A source close to the case tells Rolling Stone that, during a dialogue between the singer and Gottwald’s legal teams “a couple months ago,” the aforementioned option toward terminating her contract was given to the singer. It’s unclear, however, whether that option occurred during formal settlement talks between the two parties or if the idea was simply proposed to Kesha’s team.
A representative for Gottwald did not immediately respond to a request for comment.
In a 2014 lawsuit, both Kesha and her mother Bebe Sebert sued Dr. Luke, accusing the producer of sexual, physical, emotional and verbal abuse. Gottwald countersued Sebert, Kesha and her lawyer Mark Geragos with defamation and breach of contracts lawsuits. Kesha’s efforts to have an injunction filed against her Kemosabe contract were denied in February by a New York judge.
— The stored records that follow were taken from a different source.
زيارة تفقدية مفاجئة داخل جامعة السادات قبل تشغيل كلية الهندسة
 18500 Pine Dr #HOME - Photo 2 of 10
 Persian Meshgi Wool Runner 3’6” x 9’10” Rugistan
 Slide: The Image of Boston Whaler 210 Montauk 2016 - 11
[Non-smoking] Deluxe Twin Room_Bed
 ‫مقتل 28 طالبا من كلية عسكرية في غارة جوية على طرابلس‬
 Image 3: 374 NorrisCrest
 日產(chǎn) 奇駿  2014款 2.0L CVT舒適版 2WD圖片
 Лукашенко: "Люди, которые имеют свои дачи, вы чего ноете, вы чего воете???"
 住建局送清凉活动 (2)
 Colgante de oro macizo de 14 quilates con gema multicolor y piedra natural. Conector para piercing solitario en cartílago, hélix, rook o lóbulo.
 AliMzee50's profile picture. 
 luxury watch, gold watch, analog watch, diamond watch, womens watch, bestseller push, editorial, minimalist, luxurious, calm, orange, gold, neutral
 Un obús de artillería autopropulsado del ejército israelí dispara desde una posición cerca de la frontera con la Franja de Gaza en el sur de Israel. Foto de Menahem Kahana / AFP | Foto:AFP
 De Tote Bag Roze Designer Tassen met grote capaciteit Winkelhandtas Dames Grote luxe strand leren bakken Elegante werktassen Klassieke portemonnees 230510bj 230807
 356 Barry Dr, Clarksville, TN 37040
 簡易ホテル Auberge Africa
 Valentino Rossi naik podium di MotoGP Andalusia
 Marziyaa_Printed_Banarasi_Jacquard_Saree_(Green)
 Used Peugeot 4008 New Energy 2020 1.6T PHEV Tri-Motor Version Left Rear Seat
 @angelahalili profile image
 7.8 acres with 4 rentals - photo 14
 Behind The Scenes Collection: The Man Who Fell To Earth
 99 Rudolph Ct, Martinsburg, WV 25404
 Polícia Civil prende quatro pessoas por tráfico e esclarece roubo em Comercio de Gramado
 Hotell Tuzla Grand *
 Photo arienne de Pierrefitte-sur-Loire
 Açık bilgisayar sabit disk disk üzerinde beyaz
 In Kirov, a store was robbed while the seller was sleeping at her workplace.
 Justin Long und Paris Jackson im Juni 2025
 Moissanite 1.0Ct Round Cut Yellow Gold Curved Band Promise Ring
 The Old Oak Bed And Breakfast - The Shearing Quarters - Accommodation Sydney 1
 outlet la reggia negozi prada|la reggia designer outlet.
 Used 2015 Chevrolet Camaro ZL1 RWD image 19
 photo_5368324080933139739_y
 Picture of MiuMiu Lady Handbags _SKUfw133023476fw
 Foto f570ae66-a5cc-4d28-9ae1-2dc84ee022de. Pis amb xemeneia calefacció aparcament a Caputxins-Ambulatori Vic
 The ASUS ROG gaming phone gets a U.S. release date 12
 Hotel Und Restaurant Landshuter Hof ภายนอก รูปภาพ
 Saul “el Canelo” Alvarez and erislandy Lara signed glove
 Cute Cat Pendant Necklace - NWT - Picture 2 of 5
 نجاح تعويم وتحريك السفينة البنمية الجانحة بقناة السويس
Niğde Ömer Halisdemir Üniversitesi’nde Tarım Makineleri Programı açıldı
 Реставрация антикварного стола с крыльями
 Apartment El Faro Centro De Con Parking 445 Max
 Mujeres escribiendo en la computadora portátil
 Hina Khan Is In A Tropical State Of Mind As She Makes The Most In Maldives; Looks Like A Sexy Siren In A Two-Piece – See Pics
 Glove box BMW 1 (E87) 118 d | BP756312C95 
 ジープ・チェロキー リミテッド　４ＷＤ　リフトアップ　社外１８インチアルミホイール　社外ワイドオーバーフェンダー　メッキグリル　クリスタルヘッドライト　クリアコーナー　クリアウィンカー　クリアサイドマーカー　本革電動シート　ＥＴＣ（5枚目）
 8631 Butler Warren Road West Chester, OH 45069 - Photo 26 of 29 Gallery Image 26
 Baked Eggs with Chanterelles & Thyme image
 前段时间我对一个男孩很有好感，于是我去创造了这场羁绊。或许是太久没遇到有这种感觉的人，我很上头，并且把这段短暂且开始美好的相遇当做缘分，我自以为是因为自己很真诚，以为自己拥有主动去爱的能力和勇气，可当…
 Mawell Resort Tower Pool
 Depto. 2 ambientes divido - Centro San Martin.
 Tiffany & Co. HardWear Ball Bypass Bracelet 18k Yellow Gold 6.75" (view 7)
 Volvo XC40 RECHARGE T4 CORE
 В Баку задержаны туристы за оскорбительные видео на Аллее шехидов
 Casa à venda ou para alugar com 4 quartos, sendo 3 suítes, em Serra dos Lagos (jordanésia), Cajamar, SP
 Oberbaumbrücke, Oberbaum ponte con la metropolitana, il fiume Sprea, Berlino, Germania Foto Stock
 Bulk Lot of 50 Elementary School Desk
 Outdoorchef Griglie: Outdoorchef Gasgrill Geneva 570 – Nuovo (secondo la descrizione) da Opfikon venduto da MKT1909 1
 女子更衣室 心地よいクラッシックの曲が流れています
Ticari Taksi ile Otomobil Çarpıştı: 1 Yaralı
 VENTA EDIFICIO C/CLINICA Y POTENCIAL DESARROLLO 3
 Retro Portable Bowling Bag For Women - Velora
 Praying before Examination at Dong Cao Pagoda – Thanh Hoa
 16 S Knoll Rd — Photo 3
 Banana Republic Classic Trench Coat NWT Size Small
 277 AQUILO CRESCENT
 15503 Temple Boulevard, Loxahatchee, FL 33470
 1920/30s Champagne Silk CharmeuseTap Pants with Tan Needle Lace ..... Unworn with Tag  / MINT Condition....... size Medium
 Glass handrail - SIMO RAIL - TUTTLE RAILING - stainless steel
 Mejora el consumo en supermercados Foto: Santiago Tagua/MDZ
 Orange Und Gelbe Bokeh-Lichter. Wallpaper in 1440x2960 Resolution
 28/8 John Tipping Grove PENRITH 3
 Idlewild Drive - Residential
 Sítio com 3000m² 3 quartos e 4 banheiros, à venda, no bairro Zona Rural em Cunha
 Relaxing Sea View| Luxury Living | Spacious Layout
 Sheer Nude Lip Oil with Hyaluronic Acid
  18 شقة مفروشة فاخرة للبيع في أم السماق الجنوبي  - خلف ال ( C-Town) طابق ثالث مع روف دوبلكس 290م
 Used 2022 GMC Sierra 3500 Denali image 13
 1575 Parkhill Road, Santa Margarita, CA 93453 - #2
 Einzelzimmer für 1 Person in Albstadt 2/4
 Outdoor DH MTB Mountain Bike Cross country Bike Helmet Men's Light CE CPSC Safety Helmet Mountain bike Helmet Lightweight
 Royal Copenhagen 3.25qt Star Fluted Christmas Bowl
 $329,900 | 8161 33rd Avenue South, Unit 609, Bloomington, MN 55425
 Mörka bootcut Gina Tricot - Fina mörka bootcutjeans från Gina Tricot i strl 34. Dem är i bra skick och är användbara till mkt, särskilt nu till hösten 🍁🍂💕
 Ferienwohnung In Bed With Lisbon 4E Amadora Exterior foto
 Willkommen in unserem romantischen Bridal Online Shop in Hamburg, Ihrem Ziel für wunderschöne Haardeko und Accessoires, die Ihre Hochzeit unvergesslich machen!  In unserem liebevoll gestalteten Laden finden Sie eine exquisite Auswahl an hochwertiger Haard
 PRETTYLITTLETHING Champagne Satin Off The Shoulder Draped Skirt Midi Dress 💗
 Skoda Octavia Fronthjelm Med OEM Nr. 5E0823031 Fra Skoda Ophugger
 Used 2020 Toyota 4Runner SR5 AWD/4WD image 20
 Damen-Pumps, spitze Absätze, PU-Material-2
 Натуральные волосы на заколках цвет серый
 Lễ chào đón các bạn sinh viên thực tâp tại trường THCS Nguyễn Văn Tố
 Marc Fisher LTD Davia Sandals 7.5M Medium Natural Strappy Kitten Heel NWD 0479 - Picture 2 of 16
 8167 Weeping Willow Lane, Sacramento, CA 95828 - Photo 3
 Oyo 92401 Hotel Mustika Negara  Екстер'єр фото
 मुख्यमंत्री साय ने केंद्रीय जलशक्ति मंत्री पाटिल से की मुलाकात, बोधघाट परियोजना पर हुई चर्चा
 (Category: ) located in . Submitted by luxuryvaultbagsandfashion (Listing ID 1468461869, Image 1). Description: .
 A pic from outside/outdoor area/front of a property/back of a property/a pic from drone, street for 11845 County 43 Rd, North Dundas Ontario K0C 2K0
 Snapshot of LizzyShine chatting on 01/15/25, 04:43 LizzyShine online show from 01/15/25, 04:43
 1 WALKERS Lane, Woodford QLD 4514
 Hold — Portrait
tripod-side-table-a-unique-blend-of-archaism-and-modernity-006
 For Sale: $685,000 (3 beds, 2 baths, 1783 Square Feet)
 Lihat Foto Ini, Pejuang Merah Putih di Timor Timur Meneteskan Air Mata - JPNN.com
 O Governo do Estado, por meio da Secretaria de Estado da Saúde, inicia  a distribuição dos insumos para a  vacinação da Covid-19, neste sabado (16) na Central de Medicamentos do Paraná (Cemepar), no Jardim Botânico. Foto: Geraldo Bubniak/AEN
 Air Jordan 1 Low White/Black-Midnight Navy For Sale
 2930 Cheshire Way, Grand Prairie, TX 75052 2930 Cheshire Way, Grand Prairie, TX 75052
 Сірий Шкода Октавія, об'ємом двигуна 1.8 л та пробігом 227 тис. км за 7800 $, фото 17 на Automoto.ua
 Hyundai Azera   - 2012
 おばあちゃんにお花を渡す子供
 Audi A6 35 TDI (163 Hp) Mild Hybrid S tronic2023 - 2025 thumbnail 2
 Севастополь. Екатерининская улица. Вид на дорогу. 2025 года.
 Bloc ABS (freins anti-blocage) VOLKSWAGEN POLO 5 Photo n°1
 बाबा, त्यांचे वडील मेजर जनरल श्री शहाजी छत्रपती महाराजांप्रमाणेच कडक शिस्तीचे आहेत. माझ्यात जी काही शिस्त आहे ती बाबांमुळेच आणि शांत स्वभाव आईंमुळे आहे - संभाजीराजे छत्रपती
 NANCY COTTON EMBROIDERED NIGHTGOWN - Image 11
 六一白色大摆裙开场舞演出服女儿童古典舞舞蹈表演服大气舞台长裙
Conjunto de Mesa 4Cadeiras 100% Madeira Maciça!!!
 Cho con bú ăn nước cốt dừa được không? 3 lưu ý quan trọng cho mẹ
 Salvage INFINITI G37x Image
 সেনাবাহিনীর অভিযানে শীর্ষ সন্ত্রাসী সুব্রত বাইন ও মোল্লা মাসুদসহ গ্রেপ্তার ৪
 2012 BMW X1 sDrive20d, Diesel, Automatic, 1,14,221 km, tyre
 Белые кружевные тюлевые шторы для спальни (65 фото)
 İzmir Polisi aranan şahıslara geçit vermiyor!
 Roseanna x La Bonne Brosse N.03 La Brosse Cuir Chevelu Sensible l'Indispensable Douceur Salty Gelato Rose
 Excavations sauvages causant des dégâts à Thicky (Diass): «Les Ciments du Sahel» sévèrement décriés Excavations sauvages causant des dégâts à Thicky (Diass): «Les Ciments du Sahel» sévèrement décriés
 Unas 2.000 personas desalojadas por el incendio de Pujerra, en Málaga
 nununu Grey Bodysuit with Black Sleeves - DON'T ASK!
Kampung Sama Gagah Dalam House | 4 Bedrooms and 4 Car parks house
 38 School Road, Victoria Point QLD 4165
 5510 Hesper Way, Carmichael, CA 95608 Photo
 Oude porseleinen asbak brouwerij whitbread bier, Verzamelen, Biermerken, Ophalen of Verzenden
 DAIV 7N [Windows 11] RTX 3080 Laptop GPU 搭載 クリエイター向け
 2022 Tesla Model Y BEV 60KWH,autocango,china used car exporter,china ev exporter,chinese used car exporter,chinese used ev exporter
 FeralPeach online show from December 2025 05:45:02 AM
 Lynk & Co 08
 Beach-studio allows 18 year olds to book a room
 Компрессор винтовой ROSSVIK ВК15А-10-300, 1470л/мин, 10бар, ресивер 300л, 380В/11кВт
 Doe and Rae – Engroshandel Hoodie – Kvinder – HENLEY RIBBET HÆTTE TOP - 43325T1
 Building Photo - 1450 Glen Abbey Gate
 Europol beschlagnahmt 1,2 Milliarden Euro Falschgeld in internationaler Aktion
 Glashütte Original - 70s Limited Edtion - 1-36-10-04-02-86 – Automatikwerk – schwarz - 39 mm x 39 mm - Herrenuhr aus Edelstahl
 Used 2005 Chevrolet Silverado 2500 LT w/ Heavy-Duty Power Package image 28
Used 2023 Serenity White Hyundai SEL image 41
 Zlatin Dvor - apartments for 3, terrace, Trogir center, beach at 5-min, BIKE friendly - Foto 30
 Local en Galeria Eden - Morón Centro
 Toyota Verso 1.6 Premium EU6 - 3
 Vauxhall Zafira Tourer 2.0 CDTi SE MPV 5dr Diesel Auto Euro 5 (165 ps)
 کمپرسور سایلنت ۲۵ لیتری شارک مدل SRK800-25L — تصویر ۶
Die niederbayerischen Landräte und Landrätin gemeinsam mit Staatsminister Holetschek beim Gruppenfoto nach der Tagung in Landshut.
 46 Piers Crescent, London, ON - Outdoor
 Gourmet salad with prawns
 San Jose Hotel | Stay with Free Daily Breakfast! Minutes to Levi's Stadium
Kesha’s legal team, led by Geragos, is also said to be considering bringing on attorney Daniel Petrocelli. A top-tier lawyer at the O’Melveny law firm, Petrocelli previously represented the family of Ronald Goldman in their successful civil suit against O.J. Simpson. Hiring Petrocelli would cement Kesha’s eagerness to end the legal drama surrounding her career and free herself of Kemosabe. Although that label is a subsidiary of Sony Music, the record company has stated it’s unable to “terminate the contractual relationship between Dr. Luke and Kesha.”
“All I ever wanted was to be able to make music without being afraid, scared, or abused,” Kesha wrote to fans on February 24th. “This case has never been about a renegotiation of my record contract — it was never about getting a bigger, or a better, deal. This is about being free from my abuser. I would be willing to work with Sony if they do the right thing and break all ties that bind me to my abuser.”